Meagan Holmes, an inspector at plastic auto parts manufacturer Ventra Evart, filed the charges against United Auto Workers (UAW) with the National Labor Relations Board (NLRB), according to a press release.

Holmes is represented by the National Right to Work Legal Defense Foundation (NRTW).

“All workers under the UAW’s bargaining regime need to have the power to hold union officials accountable by being able to cut off all union dues or fees,” said NRTW president Mark Mix, according to the NRTW release.

Holmes sent a letter to United Auto Workers (UAW) leadership in May notifying them that she intended to resign from the union and requested that dues were no longer deducted from her salary, the release said. The union ignored her request and continued taking her dues, according to her charges.

The National Labor Relations Act of 1935 granted workers the right to organize unions as well as the right “to refrain from any or all such activities,” according to the NLRB. Former Michigan Gov. Rick Snyder signed freedom-to-work legislation in 2012, which said workers can’t be required to pay union dues and can’t be fired for not paying dues, according to the Michigan Department of Licensing and Regulatory Affairs.

Holmes claims UAW violated both legal provisions, the NRTW release said.

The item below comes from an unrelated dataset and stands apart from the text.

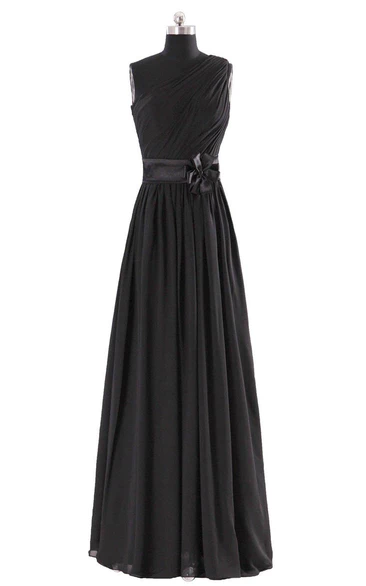 One-shoulder A-line Pleated Chiffon Gown With Belt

Tuesday’s charges come just weeks after UAW and two other major unions sued Michigan over new regulatory changes concerning union membership. In July, the four-person Michigan Civil Service Commission approved the law changes in a 3-1 vote mandating that union workers manually reauthorize their union membership every year.

“This is part of a long-running campaign against working families in Michigan and across the country, pushed by billionaire-backed anti-worker groups,” the three unions said in a joint statement.

In 2018, the Supreme Court ruled in Janus v. American Federation of State, County, and Municipal Employees that workers nationwide cannot be forced to pay union dues as a condition of membership, according to a Liberty Justice Center report.

Former UAW president Dennis Williams was accused of embezzling union members’ dues between 2010 and 2019, according to a Department of Justice indictment. Another former UAW president, Gary Jones, pleaded guilty to similar charges in June.

“Ms. Holmes’ charge clearly demonstrates that UAW officials’ inclination to break the law is not just limited to the top bosses caught red-handed in the federal investigation,” Mix said in the statement.

The UAW is one of the largest American unions with nearly 400,000 members and assets totaling $1.1 billion, according to Department of Labor filings.

“We as a matter of policy cannot comment on pending legal matters,” a UAW spokesperson told the Daily Caller News Foundation.